Journey into Haskell, part 4

I’ve been reading Real World Haskell now, after having finished the delightful Learn You a Haskell Tutorial. I’m up to chapter 6, about to dive into Typeclasses. In the meantime, I’ve picked a toy project that also has a taste of usefulness: a script to convert the Hackage database into MacPorts Portfiles, respecting inter-package and external library dependencies. I call it HackPorts, of course.

Requirements

This translation should require two things:

  1. The Cabal package, for read information about all packages known to it. This avoids writing a custom parser, or using HTTP to crawl the online Hackage database.

  2. A mapping file of external dependency names to MacPorts port names. This is for dependencies on things like libbz2, where the script will need to be taught how MacPorts names that library. This is likely to be the most labor-intensive step, having nothing to do with Haskell.

Initial experiences

Haskell makes a concerted point about separating “pure” from “impure” code. Anything which talks to the outside world, such as reading and writing files, is impure. Anything which can be expressed in terms of standard data types – or compositions thereof – is pure.

Take for example a program to count lines in a file. The pure part of the code receives a giant string, splits it into lines at line boundaries, counts those lines, and returns an integer. The impure part takes a command-line argument, interprets it as a FilePath (an impure type, since it must concern itself with operating system-dependent naming conventions), and reads the contents of the file at that location. The program flows by passed the file contents as a string to the pure code, and receiving an integer to be printed on the output device.

This division into pure and impure has an interesting side-effect (no pun intended): Most of a program’s code is written in isolation of its context of usage. Take Cabal, as a case in point here. Part of Cabal deals with downloading information from the Web, reading and writing package files, and executing external commands, like make. But another part of Cabal is concerned only with the structure of package files, and determining the total set of dependencies required for building a package. These latter details can be discussed in complete isolation from what is done with that information.

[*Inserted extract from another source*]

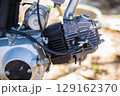 Close-up shot of a motorcycle engine, displaying its intricate mechanical components and design with precision and detail 129162370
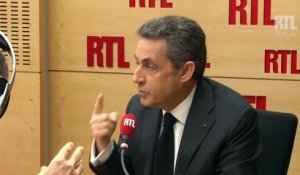 Nicolas Sarkozy assure que l'UMP n'a "aucun point commun programmatique avec le FN"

As a result – and I’m not sure whether the Cabal authors designed it this way or not – Cabal is naturally part “program”, and part API. I was able to start taking apart package files almost instantly, with extremely little code. Here’s a toy program to print out a package’s maintainer, if given the path to a .cabal file:

import System.Environment (getArgs)

import Distribution.Verbosity (verbose)
import Distribution.PackageDescription
import Distribution.PackageDescription.Parse (readPackageDescription)

main = do
  args ,- getArgs
  pkg  ,- readPackageDescription verbose (head args)
  print . maintainer . packageDescription $ pkg

Now, I do suppose it’s just as easy to do a similar thing in Python’s distutils, for example:

import sys

from distutils.extension import *

exts = read_setup_file(sys.argv[1])
print exts[0].language       # print the ext 'language'

What excites me is that Haskell uniquely encourages the separation of alogrithm and application – the isolation of context-dependent knowledge into as small a region of a program as possible.

Too many times I’ve tried to use a utility’s code as a “library”, only to find it was so caught up in its idea of how it should be used, it had never bothered to abstract its core principles into a set of “pure” function, independent from that intent. This happens, for example, with the version control system Git. Although many have wanted a libgit.a for accessing Git’s data structures directly from other languages, yet none exists. One is forced to either shell out to the git command, or write another implementation to interface with the “pure” side of what Git does.